La biblioteca sorgeva al posto della nefanda torre dei Gualandi: la “torre della fame” in cui il povero conte Ugolino visse il suo supplizio. La lapide si legge dalla piazza. La stanza in cui studiavo, nella biblioteca della Scuola Normale, era una specie di abbaino al sesto piano, l’ultimo, quello di filosofia. Conteneva i testi di autori dalla M alla Z, se la memoria non mi inganna; so per certo che c’erano Marx e Montaigne, e Nietzsche, Pascal e Spinoza. Io studiavo sull’Etica al tavolino di legno su cui un giorno una mano ignota mi lasciò una bizzarra dichiarazione. Davanti c’era una vetrata, e tutti quelli che attraversavano il corridoio antistante ti potevano vedere, al tuo posto, a studiare. La biblioteca era un acquario in cui nuotava il mio senso di inadeguatezza.

Forse perché non mi concedevo gli occhiali a cuore, forse ero soffocata dai maglioni a collo alto; forse perché, malgrado la bellezza dell’edificio e il privilegio di studiare in una scuola così prestigiosa, avevo bisogno di distrarmi, di non pensare ai voti, ai risultati, alla competizione che mi paralizzava. Un giorno smisi di andare a studiare nell’acquario: prendevo in prestito i libri e me li portavo nell’altra sede della biblioteca, dov’era un’ampia sezione di storia dell’arte. Lo scaffale aperto, le scoperte, le riproduzioni di immagini che mi si schiudevano davanti come promesse spesso non mantenute – ma che importava? – di storie da immaginare, come tanti anni prima a Pescia, mi salvarono dalla tentazione di abbandonare, con l’acquario, lo studio.

Lo scaffale aperto, le scoperte, le riproduzioni di immagini che mi si schiudevano davanti come promesse spesso non mantenute – ma che importava?

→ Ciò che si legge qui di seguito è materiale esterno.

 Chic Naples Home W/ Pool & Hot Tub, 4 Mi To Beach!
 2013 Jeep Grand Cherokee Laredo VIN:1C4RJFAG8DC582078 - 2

Mi distraevo, ma la distrazione mi nutriva; in quella biblioteca imparai che se esistono studiosi meritevoli che tessono come ragni pazienti la loro tela perfetta, meticolosa, compiuta, ma ci sono poi persone che, come me, somigliano nel metodo alle api: svolazzano di fiore in fiore per distillare qualche goccia di miele, se va bene. Esiste chi ha bisogno della concentrazione assoluta, di un armamentario di strumenti perfettamente affilati per il lavoro bibliografico, ma anche chi, per pensare, deve tenersi in equilibrio instabile, come su un’altalena, fra le distrazioni che, sole, riescono a fermare la sua attenzione. Pure nello studio ci sono formiche e cicale, e io ero dalla parte della cicala; sorte che mi ritrovavo a rimpiangere in prossimità delle prove da affrontare, che mi pareva di non poter superare mai. Per un periodo presi un lavoro pomeridiano, aiutavo il personale nella catalogazione dei volumi; il mio compito era ripassare a pennarello nero le sigle scritte sulle etichette appiccicate sulla costa e rimettere in ordine i volumi. Scoprii che esistevano, in quella scuola in cui la competizione era tutto, formiche gelose che nascondevano, dietro le file dei libri esposti, i volumi che non volevano far trovare ad altri.


Li rimettevo a posto e il giorno dopo tornavano, come a opera di qualche spiritello dispettoso, a scomparire nelle retrovie. Allora li mettevo a posto di nuovo, finché non scaddero i sei mesi del mio impiego e partii con una borsa di studio per la Germania.


La biblioteca che mi ha cambiato la vita, però, non era né quella di Pescia né quella di Pisa. Era una minuscola biblioteca di Parigi, dietro il Panthéon. Ci andavo spesso, quando studiavo lì, perché quella della Sorbonne era in restauro; era comodo appoggiarmi lì, a leggere, a scrivere un pezzettino di tesi, fra una lezione e l’altra. Era una biblioteca di “littérature policière”, di letteratura gialla, insomma; frequentata per lo più da pensionati. Ci si sedeva a certi tavolini tondi, bassi. Alla bibliotecaria si potevano chiedere dei faldoni che contenevano dossier su celebri delitti. Gli scaffali aperti traboccavano di manuali di scrittura, su come scrivere un romanzo giallo. Già, come? Un giorno, invece di proseguire con un capitolo della tesi che mi stava tormentando, cominciai anch’io.